At best, the exceptional man has become common, base (ruled by his libido and not his head). And at worst, he has become something far uglier, sadder and more detestable than that.
We hear about a thing like this, and we're rattled in the obvious ways and for the obvious reasons: We hope the accusations aren't true, we sympathize with the alleged victim, we worry and wonder about a player we've admired and rooted for these last eight years. The human particulars -- what actually happened in that hotel room in Colorado, how the accuser and the accused are feeling right now, what this must be like for Kobe's wife Vanessa, etc. -- trouble our minds, never to be resolved.
But the freefall swoon of this moment for us comes not from any of this, but from the death of an idea. All that we'd assigned to Kobe, all that we'd thrilled to because he seemed to offer it up so cleanly and clearly, lies in pieces on the floor right now.
We cling to the possibility of his innocence, because we cling to the Kobe idea.

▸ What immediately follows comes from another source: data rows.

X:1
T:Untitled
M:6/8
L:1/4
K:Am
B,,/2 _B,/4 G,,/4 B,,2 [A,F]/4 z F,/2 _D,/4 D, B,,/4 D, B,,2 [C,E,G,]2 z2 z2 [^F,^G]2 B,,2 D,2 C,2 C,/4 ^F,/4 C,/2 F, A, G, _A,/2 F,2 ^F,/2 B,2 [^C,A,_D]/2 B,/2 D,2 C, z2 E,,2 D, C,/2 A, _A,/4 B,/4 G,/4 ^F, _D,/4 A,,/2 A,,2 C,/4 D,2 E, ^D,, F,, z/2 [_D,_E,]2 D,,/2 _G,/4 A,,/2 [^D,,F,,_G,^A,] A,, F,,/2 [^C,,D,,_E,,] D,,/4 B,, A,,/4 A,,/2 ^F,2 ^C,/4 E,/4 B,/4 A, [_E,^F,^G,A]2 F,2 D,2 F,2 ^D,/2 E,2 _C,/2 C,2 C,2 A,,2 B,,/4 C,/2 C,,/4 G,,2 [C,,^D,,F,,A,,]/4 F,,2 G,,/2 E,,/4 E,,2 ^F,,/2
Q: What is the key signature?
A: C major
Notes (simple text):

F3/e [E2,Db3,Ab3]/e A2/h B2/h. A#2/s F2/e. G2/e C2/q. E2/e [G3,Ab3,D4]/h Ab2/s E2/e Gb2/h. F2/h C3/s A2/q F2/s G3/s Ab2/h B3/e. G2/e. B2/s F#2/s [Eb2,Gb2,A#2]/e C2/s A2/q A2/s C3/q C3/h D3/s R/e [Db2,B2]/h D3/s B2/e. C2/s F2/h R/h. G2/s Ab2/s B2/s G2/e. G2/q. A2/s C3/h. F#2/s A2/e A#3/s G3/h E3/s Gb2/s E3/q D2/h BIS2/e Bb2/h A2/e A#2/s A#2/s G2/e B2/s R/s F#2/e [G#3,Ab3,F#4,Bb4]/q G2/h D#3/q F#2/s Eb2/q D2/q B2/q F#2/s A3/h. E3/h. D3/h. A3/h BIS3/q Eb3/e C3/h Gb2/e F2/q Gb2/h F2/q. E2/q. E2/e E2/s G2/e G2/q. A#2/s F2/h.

We wring our hands at the prospect of his guilt, because we mourn the loss of the idea.
We know nothing's settled yet. We know (and we hope) Kobe might be exonerated. But we know, too, that the noise and muck of the circus these last few weeks has already shattered the Kobe idea, regardless of how things play out from here.
And we remember watching Kobe play before all this, and we tell you there was something pristine about his game, some fuel-efficient precisely calibrated something that made it easy to see past him to the basketball (to the human) virtues he practiced and professed.
His game was noiseless, compact, we say -- you could see it in the tight spiral on his shot, in the short, sharp pop of his jump -- and when you watched it, it seemed you were witness not just to the player but to the natural expression of the virtues themselves. And we were cheered by this, we say. We were hopeful. We believed, despite all the threats and temptations in this modern world, that certain principles persisted.
And then some clip from Friday's press conference comes across the screen, and all the precision of his game stumbles and bumbles into those labored lip curls and choked phrases, and we can barely stand to watch.
We're no innocents, we tell you. We know athletes, just like any of us, are vulnerable to character flaws and bad judgment. And we realize, sadly, that some of them, like some of us, will sometimes give in to terrible impulses. So we're not shocked by what has been alleged and admitted to so far. We're not decrying the fall of western civilization like this is the first or the last time such a thing has or will go down.
But we believe in the remarkable exception.
We believed in the Kobe idea, and now we wonder whether it will resurface, and who it will be named for.
We worry that this might be the last of it, actually, worry that the Kobe idea was so strong, so seemingly impervious, and yet it foundered ...
But we put that thought out of our heads.
You ask us if maybe this is a chance to let go, to find the virtues, to cultivate the idea, somewhere other than in the body and spirit of a baller.
We can't hear you. We're meditating on the game, pondering the idea. And, on a channel so deep within us it is barely noticeable at first, sure enough, a name starts to vibrate in our ears.
LeBron. The LeBron idea. Yes. Surely this one will last forever.